These days, very few people stay at one job for their entire careers. So, by retirement, you and your spouse may have assets in four or five -- or even more -- employer-sponsored retirement plans and individual retirement accounts (IRAs). How you coordinate those accounts at retirement can make a big difference in the amount of assets available to pass on to the children or other heirs.
The tax bite
First, there's income tax. You'll have to pay federal income tax plus state income tax, if applicable, on the plan distributions you receive during your lifetime. Any remaining tax-deferred contributions and account earning distributed to your family after your death also will be subject to income tax. At present, federal income-tax rates range from 15 percent to 39.1 percent.
Then, there's estate tax. Depending on the size of your estate, your plan assets may be subject to estate tax at rates as high as 55 percent.

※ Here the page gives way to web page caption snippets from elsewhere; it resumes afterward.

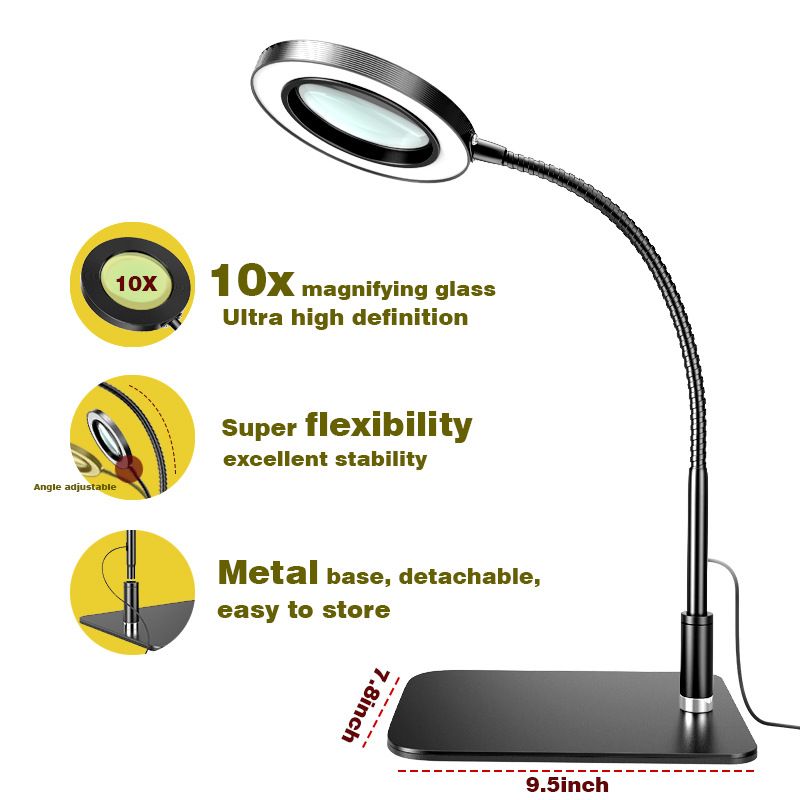 10X Desk Magnifying Glass with Light and Stand, Large Magnifying Lamp Magnifying Light for Crafts Hands Free, Upgrated Head Button Reading Magnifier for Books Sewing - Image 2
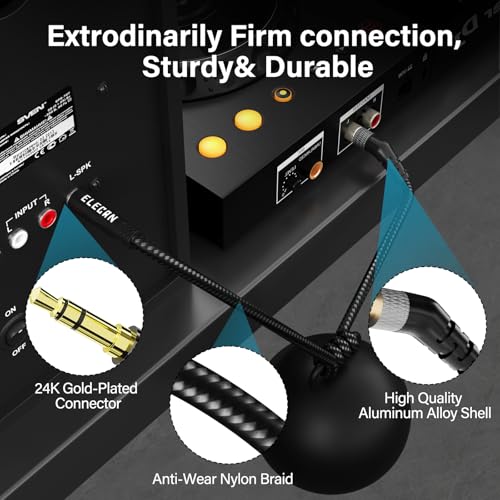 Elecan 135 Degree 1/8 Inch 3.5 MM AUX Cable Headphone Cord Wire 2 Ft/2 Pack, Angled Hi-Fi Sound Thin&Slim Braided TRS Stereo Audio Beats Cable for Car,Home Stereos, Speaker,Phones - size: 2FT-2PK, style: 135 Degree Angled to Straight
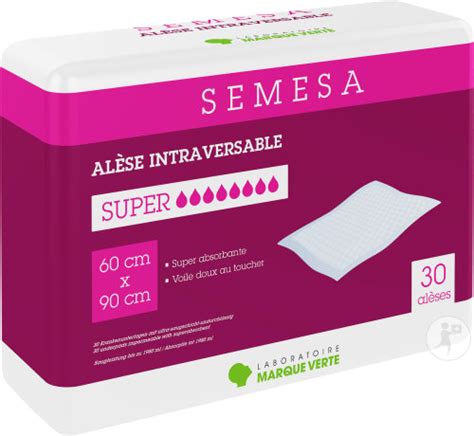 Marque Verte Semesa Alèse Intraversable Super Absorbante 60x90cm Pièces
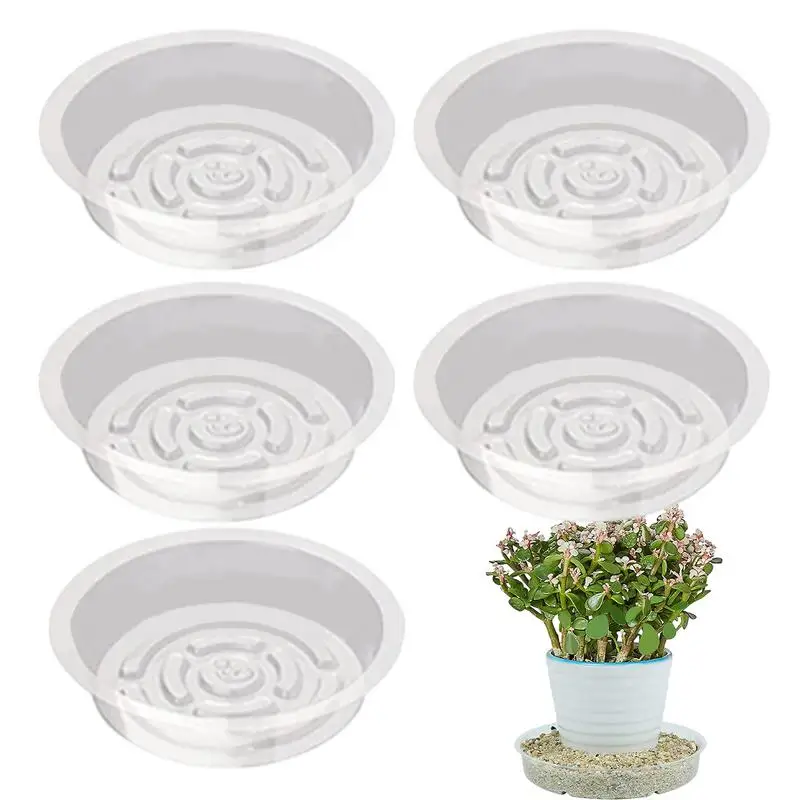 5pc Transparent Flower Pot Trays Gardening Potted Plant Bottom Dish Plant Saucer Pot Trays Snack Container Desktop Trash Storage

And, if you leave the assets to grandchildren, your estate may have to pay a 55 percent generation-skipping transfer tax as well. In a worst-case scenario, your retirement assets could be reduced by as much as 80 percent before your heirs get to enjoy them.
One way to reduce taxes and leave more of your assets to your family is to use IRAs to "stretch" your assets. To illustrate: Alice, age 60, is ready to retire. She has $300,000 of retirement assets in three employer-sponsored retirement plans and two IRAs. Two of the accounts were inherited from her deceased husband. She would like to leave some of the assets to her favorite charity and the rest to her two children, Sue and Bob.
Here's how Alice can use a stretch IRA strategy in her estate planning. When she retires, Alice rolls over her retirement plan benefits into traditional IRAs, consolidating her assets so that she has three IRAs of $100,000 each.
As long as she has the plan trustees transfer the assets directly into the new IRAs, there won't be any tax consequences. She names Sue beneficiary of the first IRA, Bob beneficiary of the second IRA, and the charity as beneficiary of the third IRA.
Alice decides to postpone distribution from the accounts and let all three IRAs continue to grow tax deferred until she reaches 70. Tax law requires IRA owners to begin receiving minimum distributions based on life expectancy by April 1 of the year after they turn age 70. By the time Alice begins distributions, the IRAs have each grown to $250,000.
Based on her life expectancy, taken from IRS tables, Alice would have to withdraw a total of about $36,000 a year from the three IRAs. However, for two of the IRAs, Alice can base the distributions on her and her child's joint life expectancy by using the uniform distribution table.
After Alice's death, her children must continue to receive annual distributions from the IRAs based on their individual life expectancy. They'll have to pay income tax on the payments. But the taxes will be spread out over the years the payments are received.
The charity, on the other hand, can withdraw all of the assets from its IRA without paying any income tax. Many charities are tax exempt and thus don't have to pay income tax on distributions received from a donor's retirement plan.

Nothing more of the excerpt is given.